Les traitements tertiaires offrent une barrière supplémentaire permettant d’atteindre 98 à 99,9% d’abattement des MP des eaux usées. Leur efficacité dépend du procédé appliqué (filtre à disque, filtration sur sable, flottation, etc.). Les fractions résiduelles retrouvées dans les effluents en sortie de ces traitements sont des fragments de 20 à 190 µm principalement constitués de fibres qui traversent de manière longitudinale les filtres.

Les MP écartés des eaux usées se retrouvent dans les résidus de dégrillage, les graisses, les sables et les boues d’épuration. Les chiffres avancés au sujet de la concentration en MP dans les boues sont très variables d’une étude à l’autre. On retrouve des valeurs allant de 1500 à 170 000 MP/Kg de matières sèches.

Procédés spécifiques et émergents

La coagulation-floculation permet d’éliminer une partie des MP par déstabilisation et piégeage des particules. Une étude montre que l’utilisation de sels d’aluminium a permis d’éliminer près de 37% des MP inférieurs à 500 µm. Une autre indique 90% d’abattement de microbilles par électrocoagulation.

Quant à la filtration, les techniques membranaires (micro, ultra et nanofiltration) permettent d’éliminer les MP avec une efficacité de 95%. Des filtres à charbon actif en grains (CAG) ont quant à eux permis d’éliminer 61 % des MP contenus dans les effluents d’une station d’épuration urbaine

Des procédés d’oxydation avancée (AOP), généralement utilisés pour la dégradation de composés organiques récalcitrants, ont montré une élimination des MP allant jusqu’à 50% en fonction de divers paramètres réactionnels (dose et type de catalyseur, concentration en MP, température).

A côté de ces techniques éprouvées, de nouveaux procédés émergent.

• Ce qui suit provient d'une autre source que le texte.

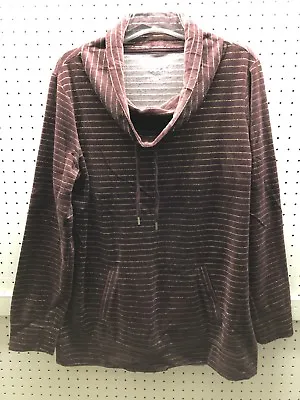 MADE FOR LIFE Misses L Merlot Velour W Lurex Cowl-Neck Tunic Top FREE Shpg NWTA • $12.90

Citons, par exemple, l’emploi d’algues comme adsorbants spécifiques qui permettent d’agglomérer les MP en agrégats plus denses ou l’utilisation de structures poreuses de type « cadres organométalliques » ou hydrogels pour piéger les MP.

Conclusion

On considère actuellement que 10 à 20% des MP émis dans l’environnement transitent par les stations d’épuration. Ces MP sont essentiellement des fibres issues du lavage des textiles et des microbilles contenues dans les cosmétiques.

Les stations d’épuration urbaines conventionnelles ont la capacité de retirer en moyenne 40 à 99,9% des MP des eaux usées, selon les procédés mis en œuvre. Plus de 50% des MP sont éliminés au cours du prétraitement et du traitement primaire (écrémage et sédimentation). A la sortie du clarificateur, il reste généralement moins de 15% des MP initialement présents dans les eaux usées et, selon les procédés déployés, un traitement tertiaire permet d’atteindre un rendement global de 99,9% d’élimination.

Dans les filières traditionnelles, les MP retirés des eaux usées se retrouvent concentrés dans les sous-produits des stations (sables, graisses et boues).

La recherche concernant l’élimination spécifique des MP se concentre essentiellement sur des techniques sélectives permettant d’isoler ou de dégrader directement ces MP.